The movie Nicolas Cage called the “ultimate film for an adolescent to see”
As one of Hollywood’s most celebrated eccentrics, it makes complete sense that Nicolas Cage would single out one of the most controversial movies ever made as a must-see experience for anyone trapped in the throes of adolescence.
Society was evidently in staunch disagreement, considering the film’s director actively pulled it from circulation to prevent new audiences from wrapping their eyes around it after the storyline was linked to several high-profile criminal cases, including more than one murder.
The narrative paints the reckless youth of its setting as unruly, bloodthirsty thugs and criminals who’d happily beat innocent bystanders to a pulp just to keep themselves occupied. Censors were up in arms, rating bodies were forced to intervene, and the headlines being generated were very rarely celebrating its artistic and cinematic merits.
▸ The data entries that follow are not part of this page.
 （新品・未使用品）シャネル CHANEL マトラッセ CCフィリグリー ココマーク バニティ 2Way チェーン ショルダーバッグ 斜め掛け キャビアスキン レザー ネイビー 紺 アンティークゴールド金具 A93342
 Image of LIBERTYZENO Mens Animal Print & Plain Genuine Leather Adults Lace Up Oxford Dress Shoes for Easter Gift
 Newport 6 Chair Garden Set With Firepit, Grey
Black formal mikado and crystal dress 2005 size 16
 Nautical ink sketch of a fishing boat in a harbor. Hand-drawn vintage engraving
Of course, for a person who once had his toes slathered in hot yoghurt to get him in the mood for a sex scene, was forced to return a dinosaur skull he paid hundreds of thousands of dollars for after discovering it was stolen, and embarked on a globetrotting quest to uncover the real Holy Grail, it makes perfect sense for Cage to plump for such a lightning rod of controversy as appointment viewing for the younger generation.
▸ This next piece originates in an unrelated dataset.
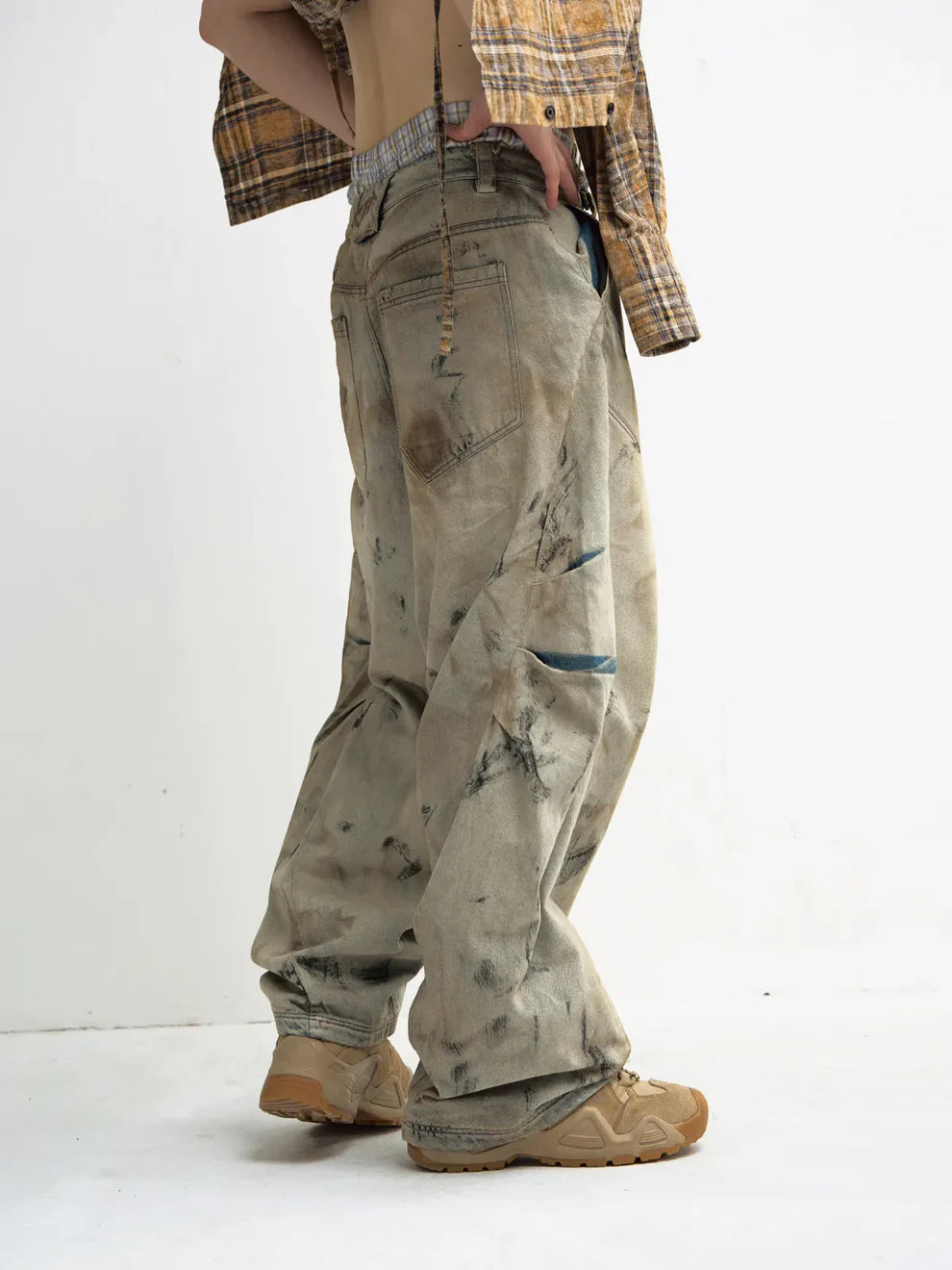 PeopleStyle Mud Dye Oversized Scimitar Pants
“A Clockwork Orange, of course, was like the ultimate film for an adolescent to see,” the Academy Award-winning actor told Rotten Tomatoes. Cage had only just turned eight years old when Kubrick’s dystopian fable was released in the United States in February 1972, and based on what happened in the United Kingdom, he was hardly the target demographic.
Still, he became so enamoured by Malcolm McDowell’s performance as Alex DeLarge that he decided to do some copycatting of his own, albeit to a lesser extent. “It had such an impact on me that I would glue an eyelash on my eye and then go to school with one eyelash,” Cage explained. “My father really lost his patience with that one. He said, ‘You gotta take that eyelash off. You’re not going to school like that.'”
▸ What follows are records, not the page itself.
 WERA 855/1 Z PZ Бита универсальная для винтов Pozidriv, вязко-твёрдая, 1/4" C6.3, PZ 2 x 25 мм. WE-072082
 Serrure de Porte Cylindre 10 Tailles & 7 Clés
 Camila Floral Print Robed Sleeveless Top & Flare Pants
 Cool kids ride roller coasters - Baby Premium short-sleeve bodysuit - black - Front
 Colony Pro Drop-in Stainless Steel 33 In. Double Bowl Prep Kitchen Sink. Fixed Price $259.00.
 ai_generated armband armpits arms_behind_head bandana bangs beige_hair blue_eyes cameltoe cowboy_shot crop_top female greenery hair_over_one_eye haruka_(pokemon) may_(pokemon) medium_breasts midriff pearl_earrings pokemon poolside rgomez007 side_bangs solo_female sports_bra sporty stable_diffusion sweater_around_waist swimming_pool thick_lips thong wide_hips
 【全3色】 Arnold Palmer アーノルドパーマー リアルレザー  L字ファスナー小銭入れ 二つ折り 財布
The mental imagery conjured by esteemed academic and literature professor August Coppola telling his young son that he couldn’t further his own studies while emulating the dress sense of A Clockwork Orange‘s main character is quite something, although it probably wasn’t out of the ordinary in a household where creativity was actively encouraged.
Suffice to say, eight-year-olds were not the target audience Kubrick had in mind when A Clockwork Orange was sent out into an unsuspecting world to immediately become a lightning rod for controversy, but it still makes a huge amount of sense given his own idiosyncrasies that one of the impressionable youngsters who fell under its spell grew up to be Nic Cage.